Filmmaker and two-time Academy Award winner Brian Currie said he misses autumn on the North Shore “so bad it’s crazy” and plans to soon split his time between Hollywood and Lynn and Peabody, where he grew up.
Currie is part of the team who received Academy Awards for Best Original Screenplay and Best Picture for the film “Green Book” in 2018. Currie co-wrote the film, a dramatic comedy about a world-class Black pianist who embarks on a concert tour in the American deep south in 1962. Currie’s latest film, “The Greatest Beer Run Ever,” stars Zac Efron and Russell Crowe. It follows the true story of a young veteran who sneaks into the Vietnam War to deliver beer to his friends.
Currie was born in Lynn, attended St. John’s the Baptist School in Peabody, and is a graduate of St. John’s Prep in Danvers. He left the area in 1989 to pursue his Hollywood career. After experiencing significant success, he said he is looking forward to returning home.
“In the very near future, I’m going to start splitting my time because that is still my home,” Currie said. “There’s no doubt in my mind that I will make a movie in the North Shore soon and then all my friends can be extras.”
Currie said his interest in film started at his aunt’s house in Lynn. He said she would show him movies while on babysitting duty, and that he remembers those screenings as the times he first fell in love with film.
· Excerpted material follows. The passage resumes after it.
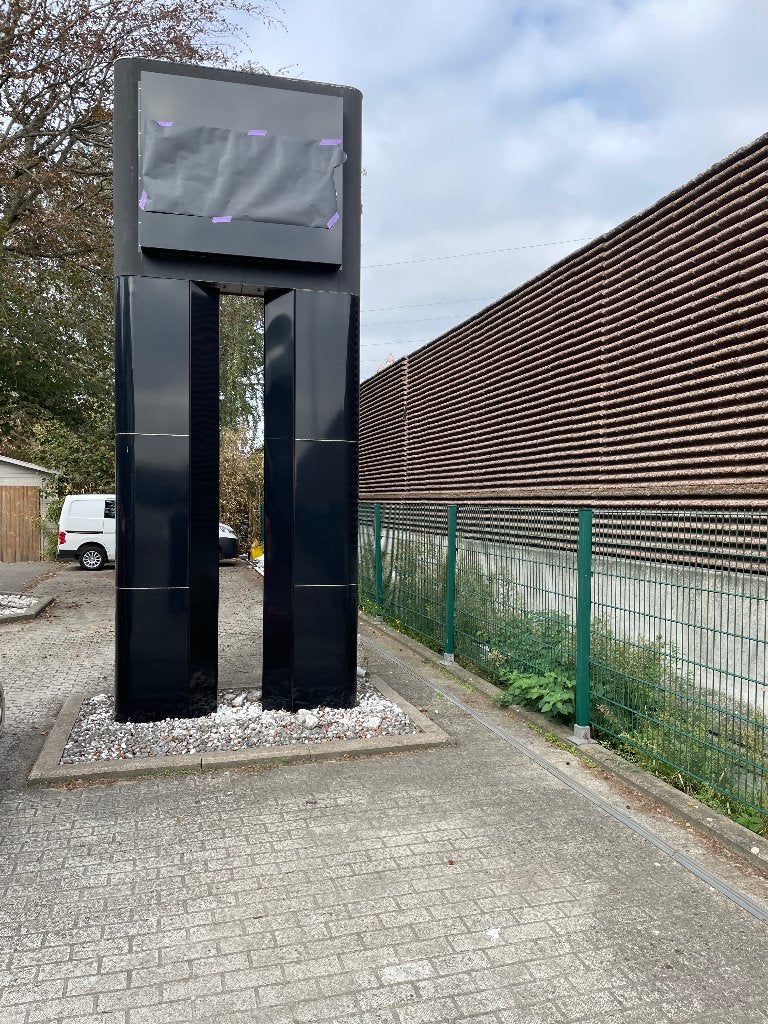 Reclamepaneel totem, Ophalen, Gebruikt, Lichtbak of (neon) lamp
After graduating from Middlebury College in Vermont and taking a summer’s worth of acting classes at Emerson College in Boston, Currie headed to California to try to make it in the movie business. He worked odd jobs and took small acting gigs before fully realizing his passion for screenwriting.
Currie said he made the trip across the country by car in an ‘84 brown Jetta, only to arrive in Hollywood where he knew no one.
“By the time I got to California, it had no brakes, the stereo had been ‘borrowed,’ and someone had put a note on my window saying if you don’t get new tires, we will report you,” Currie said. “Driving through the country, I told myself, ‘one day I will win an Academy Award.’”
Now having won two, he looks back fondly on his career. While trying to make it in Hollywood, Currie drove limos, worked as a bouncer at celebrity-owned nightclubs, and took acting classes.
He remembers being excited to be cast as an extra in Rocky 5 because it was the first time he was on an official set. Now, he is excited when invited to blockbuster film premiers.
“There’s still nothing like popcorn and sitting there in the middle of a movie theater and experiencing it,” Currie said.
Today, Currie always carries a notebook in case inspiration strikes. He hinted that while still in California, he is writing a screenplay in the style of a Fast & Furious movie, as well as a separate screenplay about a man taking care of his family.
“I still smell the flowers out here and feel the nice warm sunshine,” Currie said. “I never get tired of this business.”